CHARLOTTE, N.C. (AP) — A North Carolina college student bracing for a deportation hearing has learned she can stay in the U.S. after all.
Local media outlets report Sthefany Flores Fuentes was scheduled to appear Wednesday in Charlotte for an immigration meeting that could have led to her being deported to Honduras.
Flores Fuentes, a junior honors student at Gardner-Webb University, received a letter from Immigration and Customs Enforcement on April 1 saying arrangements had been made to send her back to a country she hasn’t been to since she was 7 years old.
On Monday, Flores Fuentes was told ICE was canceling the meeting. She said officials told her signals had gotten crossed between ICE and the U.S. Citizenship and Immigration Services, which handles renewals for the Deferred Action for Child Arrivals program, and that her DACA extension had been located.
ICE spokesman Bryan Cox confirmed Fuentes’ accounts of the hearing being canceled, but he declined further comment, citing privacy rules.

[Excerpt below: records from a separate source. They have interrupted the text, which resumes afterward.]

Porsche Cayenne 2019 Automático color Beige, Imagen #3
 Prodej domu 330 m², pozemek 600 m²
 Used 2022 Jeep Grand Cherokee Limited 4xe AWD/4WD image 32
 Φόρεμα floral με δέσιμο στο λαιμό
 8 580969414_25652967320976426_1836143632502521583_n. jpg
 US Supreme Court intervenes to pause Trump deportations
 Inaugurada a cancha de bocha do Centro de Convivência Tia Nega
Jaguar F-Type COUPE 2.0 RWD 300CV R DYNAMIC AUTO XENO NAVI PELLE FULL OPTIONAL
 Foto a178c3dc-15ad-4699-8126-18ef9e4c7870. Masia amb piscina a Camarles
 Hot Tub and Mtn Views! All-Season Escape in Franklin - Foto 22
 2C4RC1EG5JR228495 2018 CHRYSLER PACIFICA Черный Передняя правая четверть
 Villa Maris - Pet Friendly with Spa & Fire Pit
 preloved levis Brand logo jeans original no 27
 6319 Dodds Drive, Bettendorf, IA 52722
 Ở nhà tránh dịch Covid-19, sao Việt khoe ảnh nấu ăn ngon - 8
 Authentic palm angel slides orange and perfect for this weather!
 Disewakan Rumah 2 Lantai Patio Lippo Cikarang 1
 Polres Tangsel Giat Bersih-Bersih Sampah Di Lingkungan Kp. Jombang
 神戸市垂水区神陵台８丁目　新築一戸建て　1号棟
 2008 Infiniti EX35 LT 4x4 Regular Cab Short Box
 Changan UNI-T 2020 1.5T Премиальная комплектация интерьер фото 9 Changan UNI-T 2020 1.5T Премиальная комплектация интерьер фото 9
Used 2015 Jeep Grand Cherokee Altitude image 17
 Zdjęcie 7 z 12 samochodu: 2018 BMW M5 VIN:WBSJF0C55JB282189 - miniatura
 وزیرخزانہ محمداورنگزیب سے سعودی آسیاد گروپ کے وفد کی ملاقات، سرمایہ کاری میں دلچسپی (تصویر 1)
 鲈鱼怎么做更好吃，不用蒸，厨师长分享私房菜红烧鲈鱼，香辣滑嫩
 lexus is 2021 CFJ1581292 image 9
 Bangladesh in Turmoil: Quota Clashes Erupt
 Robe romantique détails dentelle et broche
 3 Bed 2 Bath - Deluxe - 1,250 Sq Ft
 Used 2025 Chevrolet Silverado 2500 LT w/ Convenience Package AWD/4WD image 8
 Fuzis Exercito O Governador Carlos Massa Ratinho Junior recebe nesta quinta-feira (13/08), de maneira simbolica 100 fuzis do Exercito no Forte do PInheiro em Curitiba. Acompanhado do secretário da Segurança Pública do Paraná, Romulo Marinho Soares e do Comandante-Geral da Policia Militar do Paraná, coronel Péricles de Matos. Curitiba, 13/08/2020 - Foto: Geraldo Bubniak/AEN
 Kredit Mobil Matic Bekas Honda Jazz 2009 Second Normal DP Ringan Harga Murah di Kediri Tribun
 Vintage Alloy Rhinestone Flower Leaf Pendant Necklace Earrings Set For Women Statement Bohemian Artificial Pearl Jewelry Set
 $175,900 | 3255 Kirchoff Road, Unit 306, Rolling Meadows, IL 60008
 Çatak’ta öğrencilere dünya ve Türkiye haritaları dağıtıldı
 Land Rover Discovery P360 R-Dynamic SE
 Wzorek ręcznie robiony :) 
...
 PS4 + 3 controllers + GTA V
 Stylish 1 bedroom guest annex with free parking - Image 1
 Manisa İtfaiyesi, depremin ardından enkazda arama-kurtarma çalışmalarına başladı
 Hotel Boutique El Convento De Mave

Flores Fuentes spent most of her childhood in Forest City, where she attended public school from elementary through high school graduation. She said she was first given DACA status, which allows young immigrants living in the country illegally who were brought here as children to remain in the U.S, in 2013 when she was a student at East Rutherford High School in Bostic. She has since renewed her application three times, most recently on March 15. She has a work permit valid through 2019 and no criminal record.
Flores Fuentes is majoring in journalism, with minors in theater and political science.
“It was unfortunate that she had to go through this experience. But we are happy that the deportation officer made a decision based on the facts and the basis of her character,” said Byron Martinez, director of operations for Unidos We Stand, an immigrant advocacy group based in Gastonia that advocated on behalf of Flores Fuentes.
Flores Fuentes told The Charlotte Observer she has no resentment from her ordeal.
“I’m just really relieved. Now I can go back to just worrying about my final exams,” she said. “The world just opened up, and I feel I have so much more time. … I will be going to classes on Wednesday instead of that meeting.”